What to produce: Please return the lines of the data below, word for word, from the first line through the line containing "PDiK Gen.3 V2 with Gearbox Shell".

[Excerpts from a dataset]
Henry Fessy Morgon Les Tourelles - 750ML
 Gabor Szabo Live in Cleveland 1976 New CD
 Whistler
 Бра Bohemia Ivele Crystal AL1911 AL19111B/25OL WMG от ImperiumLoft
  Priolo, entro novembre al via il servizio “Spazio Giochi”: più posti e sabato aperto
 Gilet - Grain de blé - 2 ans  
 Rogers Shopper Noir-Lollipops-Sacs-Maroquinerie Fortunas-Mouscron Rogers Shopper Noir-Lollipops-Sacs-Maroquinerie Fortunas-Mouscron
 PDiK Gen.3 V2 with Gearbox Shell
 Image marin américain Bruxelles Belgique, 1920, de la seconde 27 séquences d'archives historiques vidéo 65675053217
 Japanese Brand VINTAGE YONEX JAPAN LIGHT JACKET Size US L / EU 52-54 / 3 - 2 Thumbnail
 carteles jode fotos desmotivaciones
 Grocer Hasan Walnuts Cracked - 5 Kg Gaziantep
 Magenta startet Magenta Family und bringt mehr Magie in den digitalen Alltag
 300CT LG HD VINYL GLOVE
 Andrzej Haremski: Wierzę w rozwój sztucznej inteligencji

Answer box:
Henry Fessy Morgon Les Tourelles - 750ML
 Gabor Szabo Live in Cleveland 1976 New CD
 Whistler
 Бра Bohemia Ivele Crystal AL1911 AL19111B/25OL WMG от ImperiumLoft
  Priolo, entro novembre al via il servizio “Spazio Giochi”: più posti e sabato aperto
 Gilet - Grain de blé - 2 ans  
 Rogers Shopper Noir-Lollipops-Sacs-Maroquinerie Fortunas-Mouscron Rogers Shopper Noir-Lollipops-Sacs-Maroquinerie Fortunas-Mouscron
 PDiK Gen.3 V2 with Gearbox Shell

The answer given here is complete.